So over the numbers
- Christina Curtaccio
- Sep 10, 2015
- 3 min read

Counting macros, obsessing over the scale, the size of our clothes I'm over it all. I had this goal of abs for the summer why? I don't know I thought just once before I'm 30 would be rockin if I could sit on the beach with abs. But I soon realized I was obsessing over food. Obsessing over the numbers. The scale that dreaded evil scale. Why do we let this little machine define us? Does it show how much heart each of us has? Does it reflect the beautiful strong people we are?
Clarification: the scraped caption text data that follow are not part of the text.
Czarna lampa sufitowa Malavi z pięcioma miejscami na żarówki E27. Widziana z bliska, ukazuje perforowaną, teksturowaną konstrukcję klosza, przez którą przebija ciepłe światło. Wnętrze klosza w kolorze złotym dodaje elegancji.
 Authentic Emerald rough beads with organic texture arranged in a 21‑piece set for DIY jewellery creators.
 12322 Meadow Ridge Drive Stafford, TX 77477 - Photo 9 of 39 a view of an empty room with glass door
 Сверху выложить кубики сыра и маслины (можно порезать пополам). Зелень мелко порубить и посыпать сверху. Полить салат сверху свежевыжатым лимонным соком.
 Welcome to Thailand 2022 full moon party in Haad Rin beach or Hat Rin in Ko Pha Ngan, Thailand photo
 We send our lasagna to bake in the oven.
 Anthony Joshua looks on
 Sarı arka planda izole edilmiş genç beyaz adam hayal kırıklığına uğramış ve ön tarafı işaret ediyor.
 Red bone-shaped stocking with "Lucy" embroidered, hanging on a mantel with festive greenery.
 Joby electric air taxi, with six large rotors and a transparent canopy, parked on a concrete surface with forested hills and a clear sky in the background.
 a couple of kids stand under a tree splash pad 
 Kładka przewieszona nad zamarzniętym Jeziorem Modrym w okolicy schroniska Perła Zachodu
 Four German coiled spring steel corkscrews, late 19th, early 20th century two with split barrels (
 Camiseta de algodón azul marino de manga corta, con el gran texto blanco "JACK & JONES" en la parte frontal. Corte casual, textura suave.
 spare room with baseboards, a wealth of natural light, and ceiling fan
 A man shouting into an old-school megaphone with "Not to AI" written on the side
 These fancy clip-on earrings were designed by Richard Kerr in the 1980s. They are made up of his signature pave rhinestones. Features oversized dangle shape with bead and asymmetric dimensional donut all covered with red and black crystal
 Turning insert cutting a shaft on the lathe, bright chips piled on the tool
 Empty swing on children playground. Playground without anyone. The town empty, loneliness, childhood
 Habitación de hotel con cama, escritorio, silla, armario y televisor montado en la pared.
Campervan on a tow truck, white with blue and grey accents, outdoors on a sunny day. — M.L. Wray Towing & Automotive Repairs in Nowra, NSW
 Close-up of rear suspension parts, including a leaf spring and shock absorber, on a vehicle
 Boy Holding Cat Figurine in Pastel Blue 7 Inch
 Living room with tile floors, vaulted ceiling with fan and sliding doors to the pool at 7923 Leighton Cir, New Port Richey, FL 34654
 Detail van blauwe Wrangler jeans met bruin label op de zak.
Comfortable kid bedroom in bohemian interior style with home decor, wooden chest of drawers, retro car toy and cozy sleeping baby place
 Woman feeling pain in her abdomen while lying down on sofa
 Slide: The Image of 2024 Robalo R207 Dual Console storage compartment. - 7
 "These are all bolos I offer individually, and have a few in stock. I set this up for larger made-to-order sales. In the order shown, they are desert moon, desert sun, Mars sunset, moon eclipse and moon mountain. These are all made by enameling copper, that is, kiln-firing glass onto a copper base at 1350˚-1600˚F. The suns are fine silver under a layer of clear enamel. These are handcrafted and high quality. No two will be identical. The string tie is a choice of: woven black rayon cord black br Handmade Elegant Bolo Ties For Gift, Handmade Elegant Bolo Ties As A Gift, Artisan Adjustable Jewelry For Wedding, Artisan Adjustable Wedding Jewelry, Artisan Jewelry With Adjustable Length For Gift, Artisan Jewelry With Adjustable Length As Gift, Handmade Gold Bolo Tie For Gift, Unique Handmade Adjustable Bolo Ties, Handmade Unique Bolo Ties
Before I started counting or obsessing over numbers, I liked me, in fact I loved me, I was and am this independent strong woman who can make it in this ruff life solo. That's an achievement in itself. And I always prided myself in that. That I needed no one to stand on my own two feet. But recently I have turned negative toward myself. Getting frustrated more and more with myself. Calling myself fat or bulky more times than I can count. I know I'm not fat by any means but it doesn't stop the instant feeling when you put something on and it doesn't fit right or you look in the mirror and just feel bigger than normal. We are our own worst critics aren't we? So when did I stop loving me? The negativity seeped in so unnoticed at first until it was all around me and all I really talked about. I don't exactly know when I had the wake up call but I stopped the obsessing, stopped the counting of macros and focused on just eating clean whole foods to nourish my body. All I ever wanted was to be healthy and strong, when that became not enough I'll never know, but I am on a new road to be happy with me again. No more counting, no more scale, no more numbers. And when I have a moment when I'm sure something won't fit me right I'll remind myself of what my body can do, how strong I am physically and mentally. I am kind, loyal, honest, optimistic, and an overall genuine person. I believe in looking for the best in anyone and everyone. I look past faults and never judge. I try to see beauty in everything. I have a beautiful soul. I have a lot to be proud of and a lot to offer as a friend, sister, daughter, ect ect. We need to stop putting ourselves down and start embracing our beauty. Because that exactly what we all are... beautiful.
About this Guest Blogger

My name is Christina Curtaccio, I'm very new to the blog world so any tips along the way are welcomed!! I'm a 29 year old woman who, finds the best in everyone and everything. I forgive easily, but never forget. I'm a lover of lots and a hater of nothing. (Hate is such a strong word after-all) I'm a hairstylist, crossfitter, newbie weightlifter, and fur baby mama! I have a 1 year old Pitbull mix named Jax, who is my absolute world! I started out at a local Crossfit gym 2 years ago and never been more motivated by a gym environment! Since then I have moved to another location to focus on some goals I have and haven't been disappointed! I am now getting into Olympic weightlifting and have even competed at my first ever meet! I love trying new things, but most of all I love trying new FOOD! I love to cook and experiment in the kitchen! I created my blog originally to help keep me accountable to get my eating habits back on track after a splurge on holiday food. Then it became a place I could start to throw my thoughts out there and share recipes with my family and friends. I fell off the band wagon because, well life really, but I went through a breakup and needed to focus on me. I'm back and ready to share my love of Hair, Crossfit, Lifting, Health, Life and FOOD!